:: WORK ITEM ::
In the entries that follow, find the line containing "Gua Sha Stainless" and the line containing "control personnel Government", then retype exactly the lines from the first through the second, pictures excluded.
━━ ENTRIES PROVIDED ━━
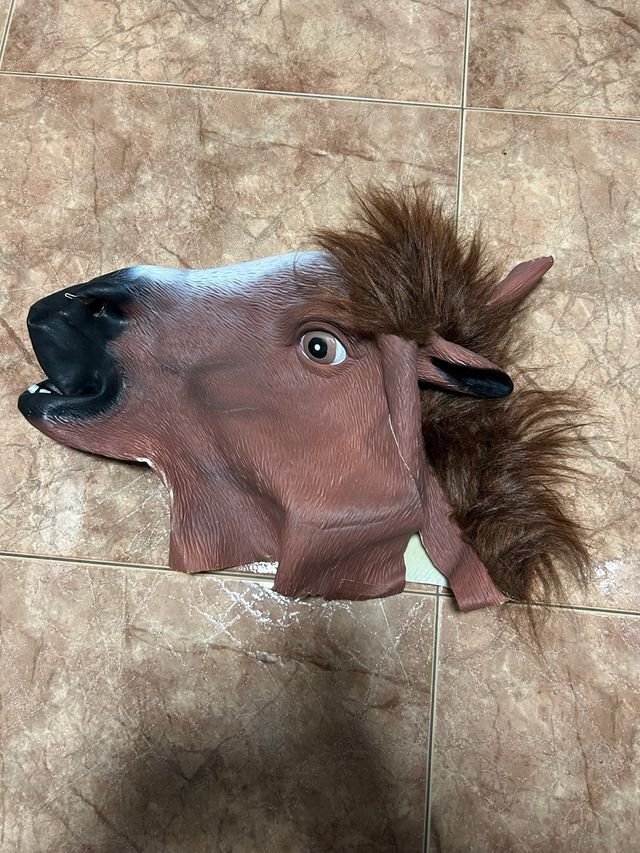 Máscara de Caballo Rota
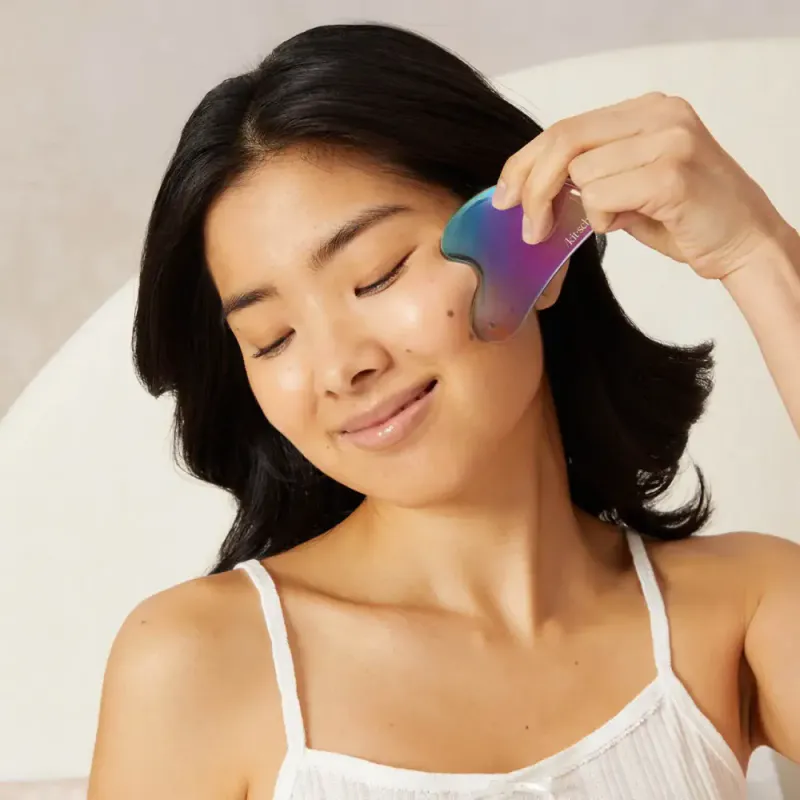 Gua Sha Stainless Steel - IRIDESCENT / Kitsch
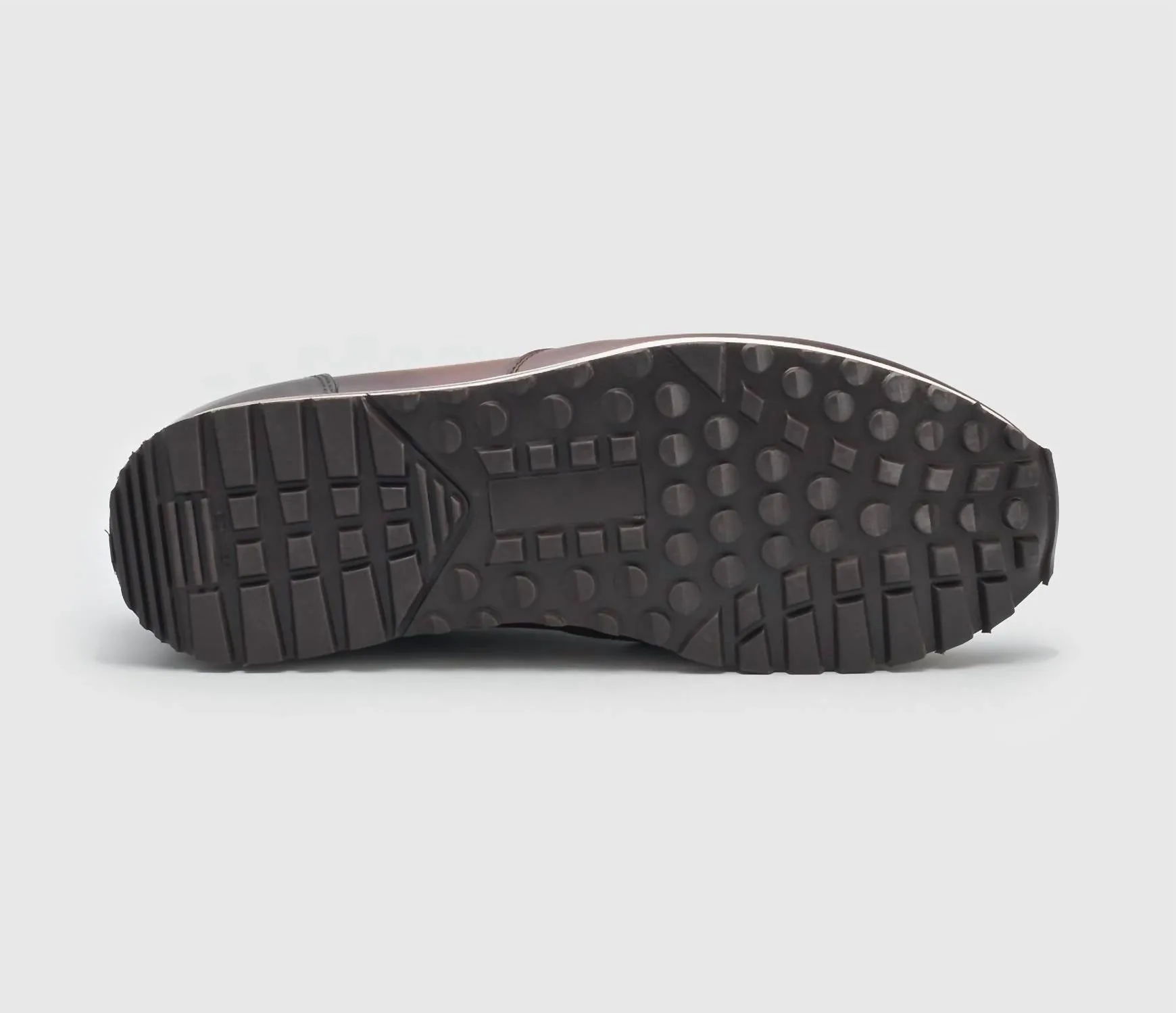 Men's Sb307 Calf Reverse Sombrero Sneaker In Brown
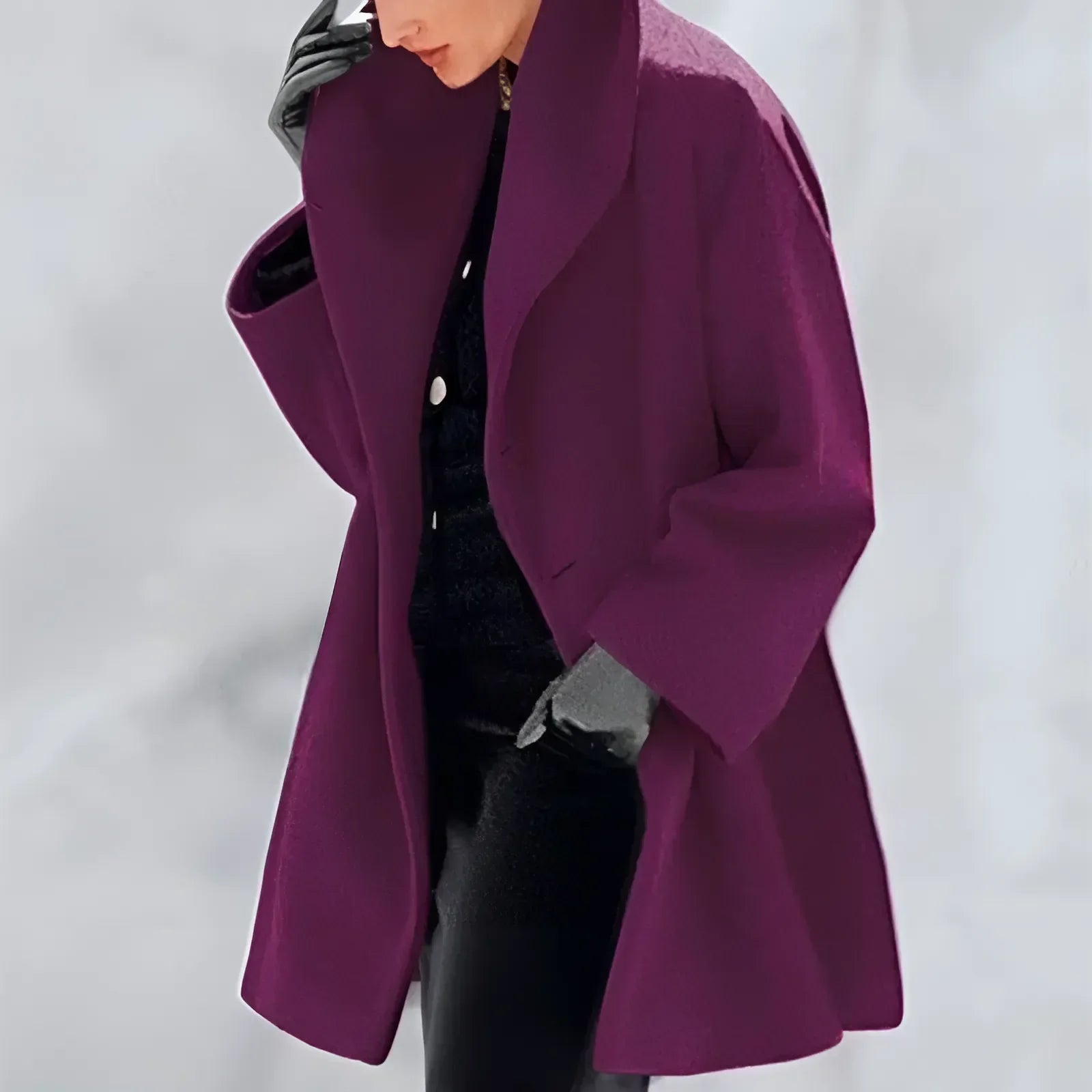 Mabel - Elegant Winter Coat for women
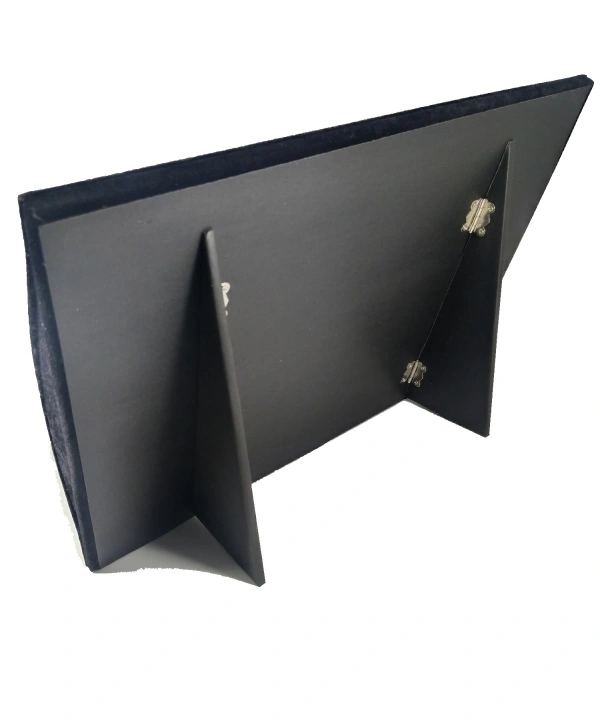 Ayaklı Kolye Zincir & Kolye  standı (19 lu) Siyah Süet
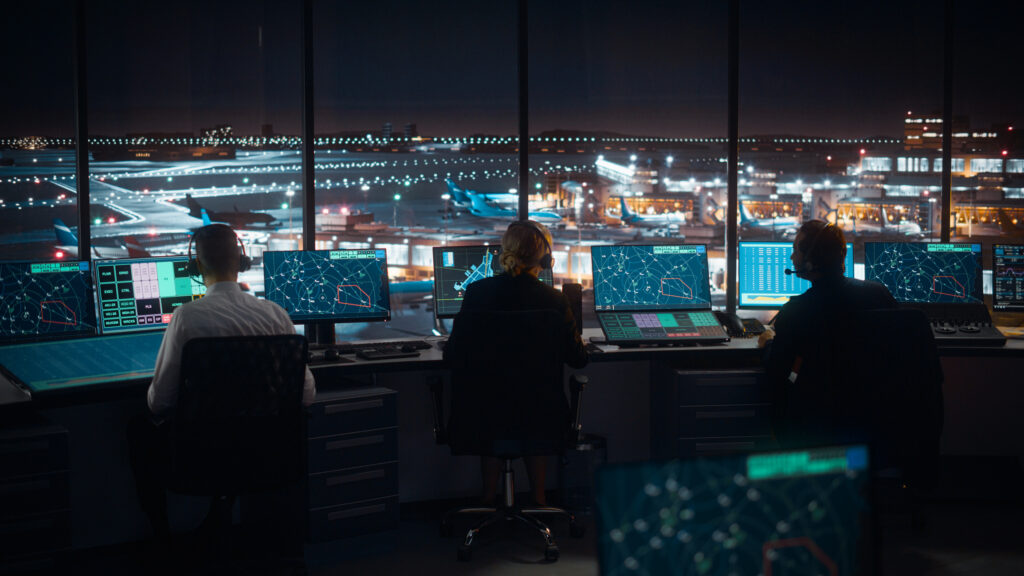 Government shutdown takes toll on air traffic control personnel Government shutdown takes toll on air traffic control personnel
━━━
━━ ENTRIES PROVIDED ━━
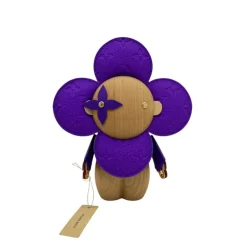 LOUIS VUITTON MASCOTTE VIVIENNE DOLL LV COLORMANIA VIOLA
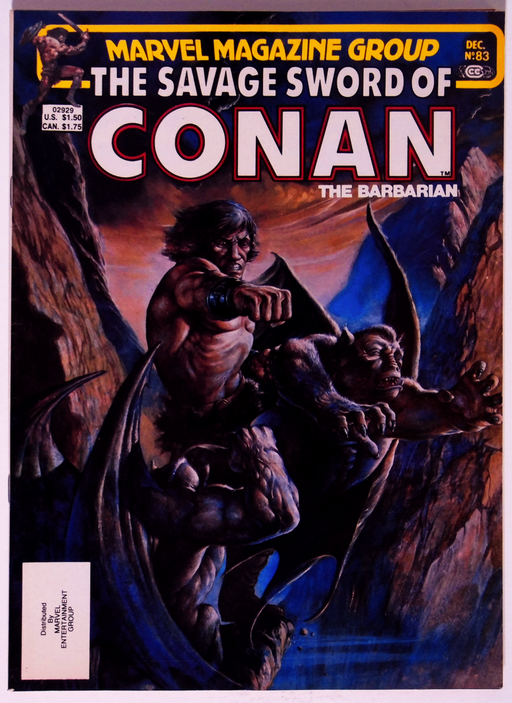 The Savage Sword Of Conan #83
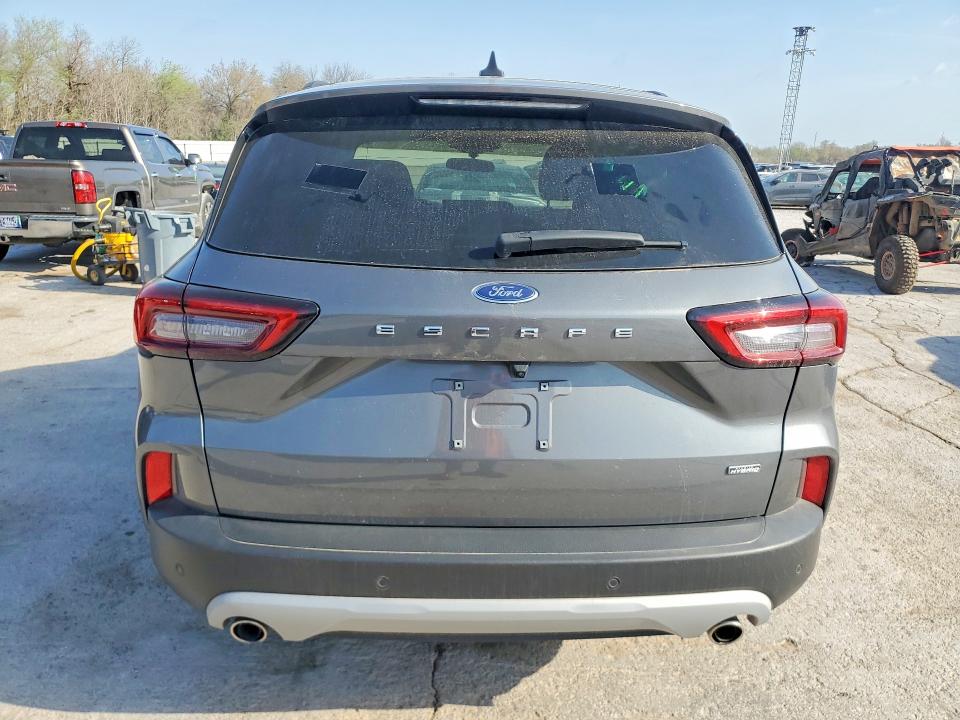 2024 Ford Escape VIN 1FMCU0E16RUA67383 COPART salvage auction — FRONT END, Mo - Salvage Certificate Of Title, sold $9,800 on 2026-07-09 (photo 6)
━━━
:: OUTPUT FOR THIS EXERCISE ::
 Gua Sha Stainless Steel - IRIDESCENT / Kitsch
 Men's Sb307 Calf Reverse Sombrero Sneaker In Brown
 Mabel - Elegant Winter Coat for women
 Ayaklı Kolye Zincir & Kolye  standı (19 lu) Siyah Süet
 Government shutdown takes toll on air traffic control personnel Government shutdown takes toll on air traffic control personnel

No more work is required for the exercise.